La première partie de la vie de Marius Alexandre Jacob a inspiré à Maurice Leblanc son héros Arsène Lupin. Jacob s’engage dans la marine comme mousse et, revenu d’un voyage en Australie, découvre l’anarchisme, qui entre alors dans la période de la propagande par le fait. Il participe  un groupe libertaire fabriquant des explosifs. Il se lance dans la « reprise individuelle », une nouvelle forme d’illégalisme prônant la récupération de la richesse chez les antis à des fins de redistribution aux plus besogneux. Condamné à la prison, il parvient à s’évader, simulant la folie. Il commet des centaines de cambriolages, déployant des trésors d’imagination qui défrayent la chronique. De nouveau arrêté en 1903, il est condamné au bagne et envoyé  Cayenne, d’où il tente plusieurs fois de s’évader. Albert Londres, dans son enquête sur les bagnes, y décrit sa condition de détenu. Libéré, Jacob rejoint la métropole et participe aux activités de groupes anarchistes jusqu’à sa mort volontaire, refusant que la maladie et la vieillesse l’emportent.

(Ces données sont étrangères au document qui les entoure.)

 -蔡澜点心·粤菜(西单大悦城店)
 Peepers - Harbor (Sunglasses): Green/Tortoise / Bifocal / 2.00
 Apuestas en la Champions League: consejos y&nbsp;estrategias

Sa déclaration lors de son procès s’inscrit dans la pure tradition anarchiste. Revendiquant devant ses juges son mépris de la loi, Jacob décrit une justice arbitraire, au service de l’ordre bourgeois, et revendique le vol comme « reprise de possession » des plus démunis. Germinal, l’hebdomadaire libertaire d’Amiens, titre à cette occasion : « Marius Jacob devant nos ennemis ».

Messieurs,

Vous savez maintenant qui je suis : un révolté vivant du produit des cambriolages. De plus, j’ai incendié plusieurs hôtels et défendu ma liberté contre l’agression des agents du pouvoir. J’ai mis à nu toute mon existence de lutte, je la soumets comme un problème à vos intelligences. Ne reconnaissant à personne le droit de me juger, je n’implore ni pardon ni indulgence. Je ne sollicite pas ceux que je méprise et que je hais. Vous êtes les plus forts ! Disposez de moi comme vous l’entendez ; envoyez-moi au bagne, à l’échafaud, peu m’importe ! Mais avant de nous séparer laissez-moi vous dire un dernier mot.

Puisque vous me reprochez surtout d’être un voleur, il est utile de définir ce qu’est le vol.

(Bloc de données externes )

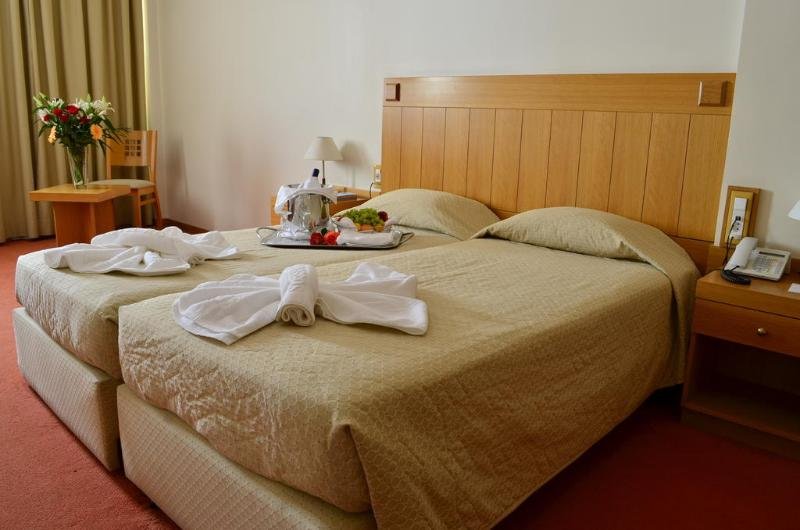 Фото Hotel Ilissos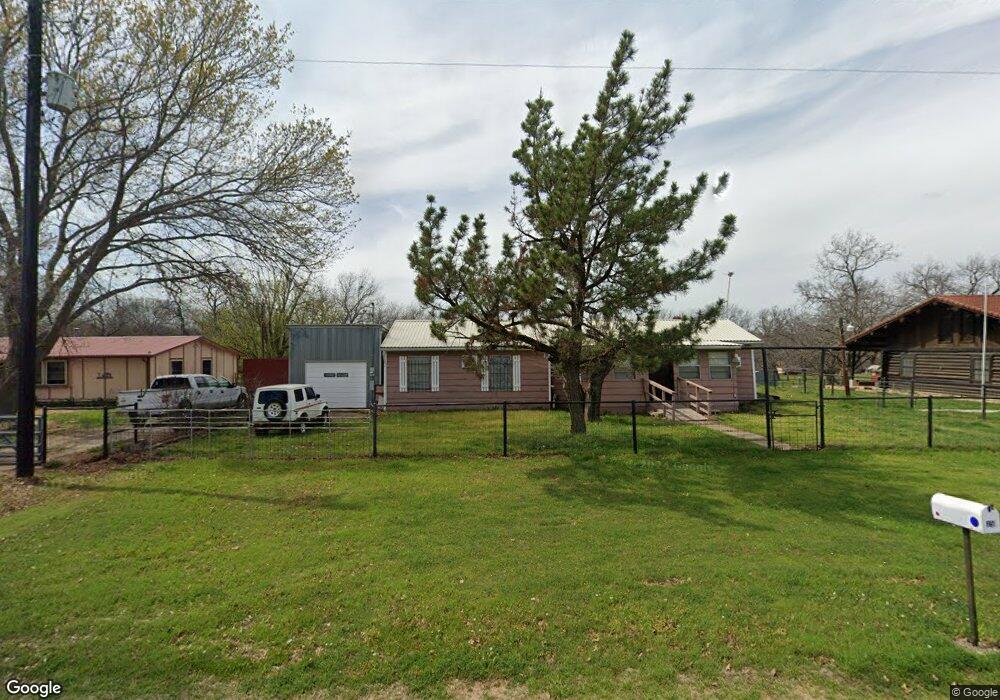 251 N Lazy Bend Estates Rd, Millsap, TX 76066 - photo 1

A mon avis, le vol est un besoin de prendre que ressent tout homme pour satisfaire ses appétits. Or ce besoin se manifeste en toute chose depuis les astres qui naissent et qui meurent pareils à des êtres jusqu’à l’insecte qui évolue dans l’espace, si petit, si infime que nos yeux ont de la peine à le distinguer. La vie n’est que vols et massacres. Les plantes, les bêtes s’entre-dévorent pour subsister. L’un ne naît que pour servir de pâture à l’autre ; malgré le degrés de civilisation, de perfectibilité pour mieux dire, où il est arrivé, l’homme ne faillit pas à cette loi ; il ne peut s’y sous traire sous peine de mort. Il tue et les plantes et les bêtes pour s’en nourrir. Roi des animaux, il est insatiable. Outre les objets alimentaires qui lui assurent la vie, l’homme se nourrit aussi d’air, d’eau et de lumière.

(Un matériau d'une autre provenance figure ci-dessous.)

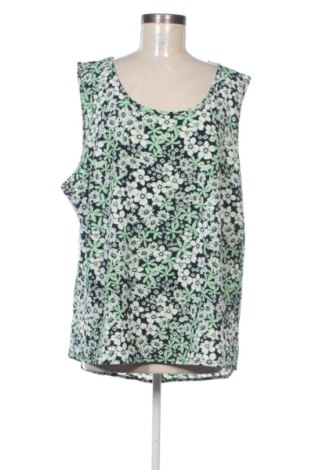 Дамски топ Gina, Размер XXL, Цвят Многоцветен, Цена 15,33 €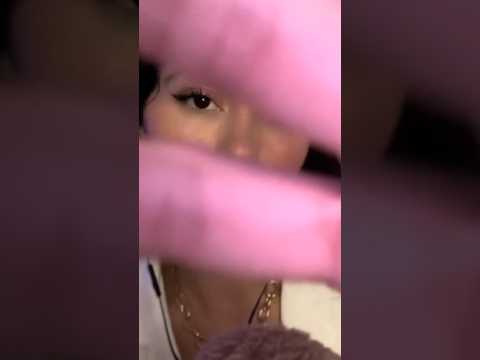 ASMR Olas de mar #asmr #relax #asmrcommunity #tingles #asmrshorts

Or, a-t-on jamais vu deux hommes se quereller, s’égorger pour la partage de ces aliments ? Pas que je sache. Cependant, ce sont les plus précieux, sans lesquels un homme ne peut vivre. On peut demeurer plusieurs jours sans absorber de substances pour lesquelles nous nous faisons esclaves. Peut-on en faire autant de l’air ? Pas même un quart d’heure ! L’eau compte pour trois quarts du poids de notre organisme et est indispensable pour entretenir l’élasticité de nos tissus ; sans la chaleur, sans le soleil, la vie serait tout à fait impossible.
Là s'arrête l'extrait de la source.